BahanaInspirasi.com, MANADO – Regulasi Pemilihan Umum (Pemilu) Daerah -Pilkada masih menyisakan pertanyaan dari kalangan pengamat politik dan ekonomi nasional.
Seperti diketahui, keputusan MK No.6/2024 telah membuka kebuntuan pencalonan pemimpin daerah.
Hanya saja, dari sisi partisipasi untuk koalisi batas atas tidak ada regulasi yang mengaturnya.
Hal ini terungkap adalam diskusi public INDEF, baru-baru ini, bertajuk “Ekonomi Politik Persaingan Pilkada 2024” di Jakarta.
Alhasil, dengan hingar pilkada 2024, tercatat Calon Tunggal sebanyak 41 Pilkada serta banyak Cakada yang mendapat dukungan dari separuh partai politik daerah.
Karena itu, Perludem Minta Revisi UU PIlkada Masukkan Batas Atas Dukungan. Ini, ditegaskan oleh Direktur Eksekutif Perkumpulan untuk Pemilu dan Demokrasi (Perludem), Khoirunnisa Nur Agustyati.
Karena itu, Direktur Perludem ini menyatakan kekhawatirannya pada Pilkada 2024 yang diselenggarakan pada tahun yang sama dengan pemilihan presiden (pilpres) dan pemilihan legislatif (pileg) sehingga terdapat kecenderungan untuk menerapkan koalisi nasional pada tingkat pemerintah.
“Bahkan, setelah perpanjangan, masih terdapat 41 pilkada dengan calon tunggal dan banyak pemilihan kepala daerah (pilkada) dengan salah satu paslon memborong dukungan partai politik sehingga membentuk koalisi besar dengan suara pileg melebihi 50 %.

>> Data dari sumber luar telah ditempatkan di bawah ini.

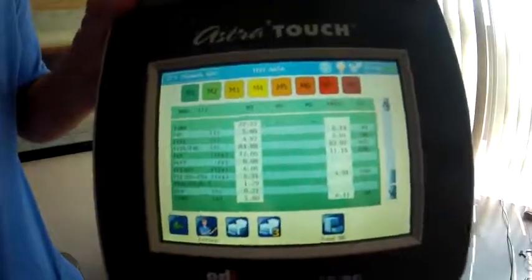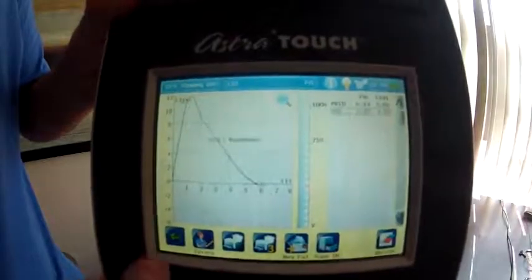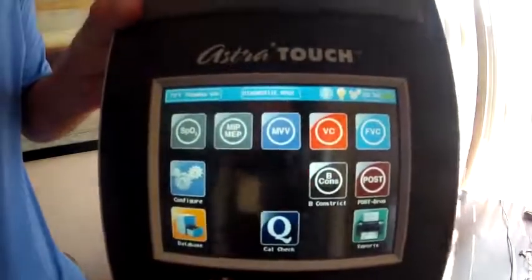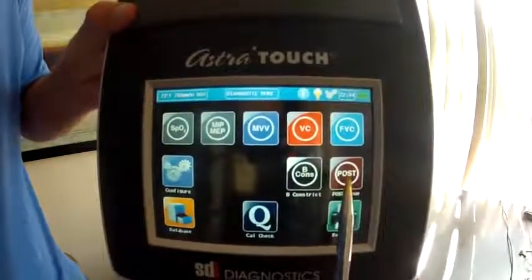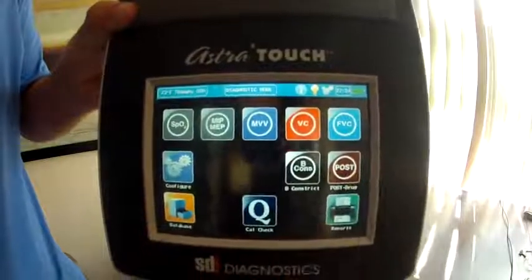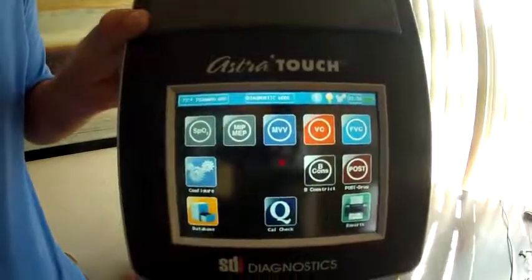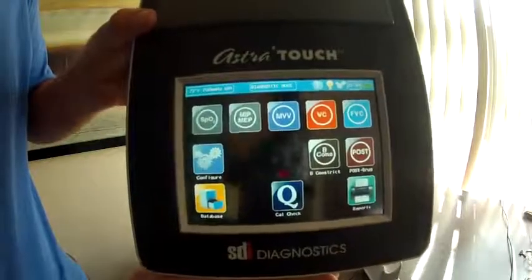That's it. When you're done, you just go back to the screen, see the result again, and go back to the home menu. If you want to do a pre and post bronchodilator challenge, after you've done the first FVC screen you can push the post button to move on to that. I hope that answers all your questions — that's it for my demonstration. Please feel free to contact SDI if you have any more questions.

Khoirunnisa Nur Agustyati menambahkan, walau keputusan MK nomor 60/2024 menurunkan batas dukungan pasangan pasangan calon (paslon) di pilkada menjadi 6-10 % serta membuka pintu partai non parlemen untuk mengusung paslon di pilkada, tapi revisi UU Pilkada berikutnya perlu memasukkan batas atas/maksimal dukungan paslon di pilkada.
Persaingan Tidak Sehat
Berly Martawardaya sebagai Direktur Riset INDEF memaparkan hasil kajian lembaganya dengan menerapkan kerangka analisis ekonomi persaingan usaha pada pilkada 2024 bahwa pada pemilihan gubernur (pilgub) Jakarta, Sumatera Utara, dan Sulawesi Selatan, biarpun terdapat dua paslon, tapi satu paslon didukung lebih dari 75% suara pileg dan pilkadanya memiliki Indeks Persaingan lebih dari 6.000.

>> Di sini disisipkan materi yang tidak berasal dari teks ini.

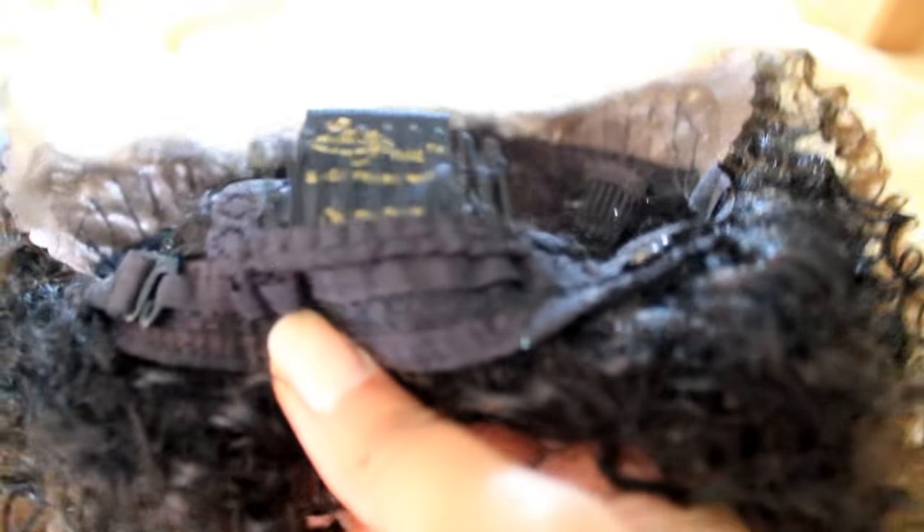You have a comb in the back, and then you have two combs on each side.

“Angka tersebut berarti melebihi 1,5 kali batas yang diterapkan KPPU (Komisi Pengawas Persaingan Usaha) untuk persaingan usaha. Hal serupa terjadi pada pemilihan bupati di Jember dan Bogor sehingga banyak pilkada memiliki persaingan yang tidak sehat.”

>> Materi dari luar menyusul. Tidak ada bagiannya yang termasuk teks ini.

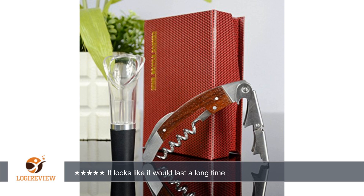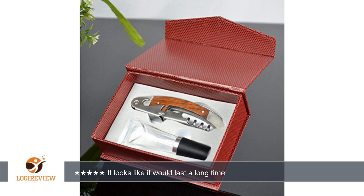The convenience of having the foil cutter attached to the bottle opener is A+, as I own another opener where they came separate and I am constantly searching for one or the other, since they never seem to get put back together.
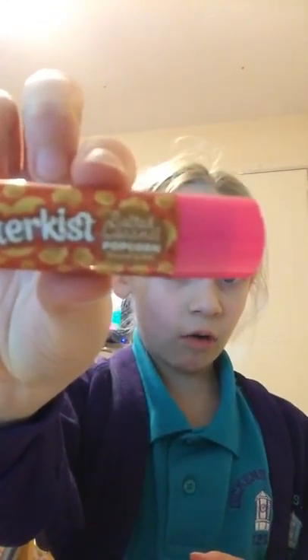Okay, so the first lip gloss is here and it is salted caramel popcorn — look, salted caramel popcorn! This is the best. It doesn't smell that good but I can twist it. Oh, that's so cool! Mmm, that was nice. This is new because I got it for my birthday.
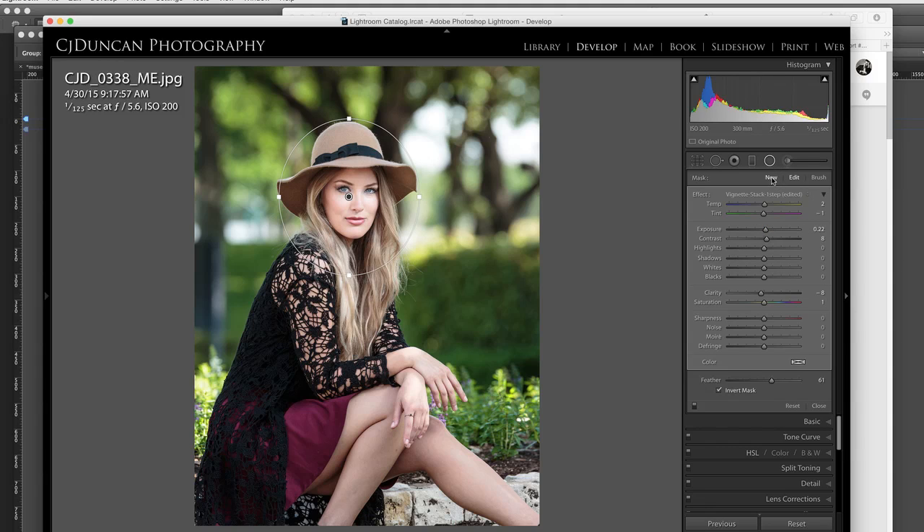I'm going to hit New up here, and then I'm going to go to one I've created called Vignette Stack. This is the opposite — my exposure goes down, my contrast still goes up. I bring my highlights down a little bit and my clarity down a little bit just to soften the outside of that circle. Make sure you uncheck the invert box now, so the gradient will work the normal way where it's on the outside of the circle. And I just want to draw another little circle just around her face, darkening everything outside of her.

Berly mengutarakan, banyak kemiripan antara persaingan usaha dan persaingan politik, tapi regulasi di persaingan politik lebih sedikit dan longgar.
Padahal, dampak dari rendahnya pilihan dan persaingan akan terasa pada pembangunan daerah tersebut selama lima tahun ke depan.
Berly menutup paparan dengan mengajak para akademisi dan aktivis untuk menyiapkan kerangka dan regulasi untuk persaingan politik yang lebih sehat di 2019 sejak dini supaya bonus demografi Indonesia tidak tersia-siakan.
Aditya Perdana, Pengajar Ilmu Politik UI dan Direktur Eksekutif Algoritma Research and Consulting menambahkan, kompetisi dalam Pilkada 2024 relatif tidak sehat karena masih didominasi oleh kekuatan koalisi partai politik yang dominan di pusat.
Kompetisi yang terbuka dan lebih sehat perlu terus didorong bagi perkembangan demokrasi lokal. Penguatan demokrasi dapat dilakukan dalam Pilkada 2029 bila masyarakat sipil konsisten mendorong revisi UU Pilkada dari sekarang.